Op besturing op wielen:

  • kaak (trommel)
  • диск

Hydraulische rem

Gebruikt als bedrijfsrem, is het een voetrem met twee circuits.

Bijzonderheden: rempedaal, hoofdremcilinder, remvloeistofreservoir, leidingen, wielremcilinders, remblokken met voeringen, remtrommel (voor achterwielen), remschijf (voor voorwielen), remschild.

Mechanische rem

Gebruikt als parkeerrem, handmatig bediend, werkt alleen op de achteraswielen, werkt als noodrem.
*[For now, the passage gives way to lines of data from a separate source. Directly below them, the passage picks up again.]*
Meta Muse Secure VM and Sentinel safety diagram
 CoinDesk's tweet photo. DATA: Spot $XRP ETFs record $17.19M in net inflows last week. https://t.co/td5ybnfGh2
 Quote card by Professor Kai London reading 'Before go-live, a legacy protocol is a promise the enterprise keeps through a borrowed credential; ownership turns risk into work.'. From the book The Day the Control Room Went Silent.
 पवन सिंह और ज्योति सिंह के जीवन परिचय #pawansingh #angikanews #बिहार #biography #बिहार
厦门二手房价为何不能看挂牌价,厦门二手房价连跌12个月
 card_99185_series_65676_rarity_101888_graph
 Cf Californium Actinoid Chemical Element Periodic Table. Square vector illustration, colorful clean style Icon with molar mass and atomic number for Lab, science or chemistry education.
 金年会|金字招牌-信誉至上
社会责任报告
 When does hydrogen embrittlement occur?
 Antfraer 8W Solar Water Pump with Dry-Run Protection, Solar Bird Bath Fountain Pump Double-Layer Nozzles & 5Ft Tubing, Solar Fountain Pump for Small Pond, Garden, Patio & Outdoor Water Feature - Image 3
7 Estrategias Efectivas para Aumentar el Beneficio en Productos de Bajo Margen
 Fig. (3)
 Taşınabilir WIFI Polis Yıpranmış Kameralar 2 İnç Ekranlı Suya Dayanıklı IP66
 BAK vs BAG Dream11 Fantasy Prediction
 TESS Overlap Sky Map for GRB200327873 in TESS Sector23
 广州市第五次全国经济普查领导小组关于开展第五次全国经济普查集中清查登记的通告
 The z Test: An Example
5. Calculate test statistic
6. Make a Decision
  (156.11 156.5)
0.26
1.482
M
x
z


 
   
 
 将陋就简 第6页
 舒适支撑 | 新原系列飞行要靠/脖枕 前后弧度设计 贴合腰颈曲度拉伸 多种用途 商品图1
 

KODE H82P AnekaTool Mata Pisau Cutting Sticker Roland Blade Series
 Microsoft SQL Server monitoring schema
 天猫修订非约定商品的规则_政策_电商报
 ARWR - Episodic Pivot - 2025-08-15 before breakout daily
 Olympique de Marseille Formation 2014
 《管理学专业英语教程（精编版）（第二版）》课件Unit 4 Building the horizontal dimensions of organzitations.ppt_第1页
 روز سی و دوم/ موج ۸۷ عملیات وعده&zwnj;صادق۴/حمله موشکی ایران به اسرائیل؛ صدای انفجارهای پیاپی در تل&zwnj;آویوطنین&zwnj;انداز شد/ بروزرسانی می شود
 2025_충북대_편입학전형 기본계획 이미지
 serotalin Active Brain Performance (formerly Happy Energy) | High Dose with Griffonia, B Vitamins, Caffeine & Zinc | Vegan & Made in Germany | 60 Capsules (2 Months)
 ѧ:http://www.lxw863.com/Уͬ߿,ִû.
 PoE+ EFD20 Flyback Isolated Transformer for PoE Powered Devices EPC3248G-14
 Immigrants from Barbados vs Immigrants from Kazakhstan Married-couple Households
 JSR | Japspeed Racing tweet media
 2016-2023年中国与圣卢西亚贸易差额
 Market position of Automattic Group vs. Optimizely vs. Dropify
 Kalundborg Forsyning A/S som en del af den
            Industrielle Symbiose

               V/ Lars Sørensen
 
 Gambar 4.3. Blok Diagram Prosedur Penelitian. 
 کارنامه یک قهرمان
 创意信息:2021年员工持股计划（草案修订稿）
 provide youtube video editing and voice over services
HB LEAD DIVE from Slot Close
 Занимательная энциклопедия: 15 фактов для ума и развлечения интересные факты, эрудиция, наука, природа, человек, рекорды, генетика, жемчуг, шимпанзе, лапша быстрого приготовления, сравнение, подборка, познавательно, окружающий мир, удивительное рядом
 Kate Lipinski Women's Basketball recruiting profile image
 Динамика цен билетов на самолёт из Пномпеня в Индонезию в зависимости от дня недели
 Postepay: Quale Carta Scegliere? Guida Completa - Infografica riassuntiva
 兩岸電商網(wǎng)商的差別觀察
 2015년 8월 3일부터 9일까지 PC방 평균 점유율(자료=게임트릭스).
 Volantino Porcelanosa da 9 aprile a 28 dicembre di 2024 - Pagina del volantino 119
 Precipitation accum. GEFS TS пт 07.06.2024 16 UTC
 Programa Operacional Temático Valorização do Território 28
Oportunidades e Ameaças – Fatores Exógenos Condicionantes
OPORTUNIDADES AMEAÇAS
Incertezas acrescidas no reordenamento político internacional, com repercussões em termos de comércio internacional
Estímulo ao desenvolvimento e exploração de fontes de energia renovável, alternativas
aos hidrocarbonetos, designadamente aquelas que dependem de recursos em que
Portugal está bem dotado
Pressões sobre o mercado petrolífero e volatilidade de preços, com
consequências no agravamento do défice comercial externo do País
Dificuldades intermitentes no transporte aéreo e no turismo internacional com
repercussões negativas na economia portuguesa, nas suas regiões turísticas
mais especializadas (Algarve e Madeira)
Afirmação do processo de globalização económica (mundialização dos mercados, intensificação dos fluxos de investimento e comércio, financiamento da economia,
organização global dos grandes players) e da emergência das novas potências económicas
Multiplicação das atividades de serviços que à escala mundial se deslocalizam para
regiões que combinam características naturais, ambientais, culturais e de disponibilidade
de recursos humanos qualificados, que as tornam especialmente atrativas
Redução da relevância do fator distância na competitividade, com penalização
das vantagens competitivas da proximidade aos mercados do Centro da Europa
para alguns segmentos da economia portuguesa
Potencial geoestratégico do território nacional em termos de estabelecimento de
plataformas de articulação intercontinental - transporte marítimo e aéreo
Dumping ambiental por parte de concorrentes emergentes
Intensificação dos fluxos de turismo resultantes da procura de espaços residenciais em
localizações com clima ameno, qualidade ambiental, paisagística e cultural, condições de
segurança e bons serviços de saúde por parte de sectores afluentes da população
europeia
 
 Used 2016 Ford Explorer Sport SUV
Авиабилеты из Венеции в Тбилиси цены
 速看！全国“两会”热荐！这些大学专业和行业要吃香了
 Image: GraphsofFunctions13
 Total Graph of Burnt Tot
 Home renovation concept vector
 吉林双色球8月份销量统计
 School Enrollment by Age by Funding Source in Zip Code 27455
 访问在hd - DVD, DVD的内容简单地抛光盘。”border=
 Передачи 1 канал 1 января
Details: handremhendel, veiligheidsstang, kabelbanen met staalkabels, remschoenspanner.

Luchtreinigers

Doel: gebruikt om de inlaatlucht in de carburateur te reinigen.

  • Droog: papier, vilt.
  • Nat: het pakket bevat olie die vuil vasthoudt en de gereinigde lucht komt de carburateur binnen. Vuile reinigingsmiddelen moeten later worden gereinigd en vervangen.

Spanning

Doel: zorgt voor een constant contact van het wiel met de weg en brengt de oneffenheden van de weg flexibel over op de carrosserie.

  • Schroefveren.
  • veren.
  • Torsies.

Schokdempers

Doel: het effect van de veer dempen, de stabiliteit van de auto in bochten waarborgen.

  • Telescopisch.
  • Hendel (enkel- of dubbelwerkend).

De haltes

Doel: voorkomen van schade aan de ophanging en schokdempers. Ze zijn gemaakt van rubber.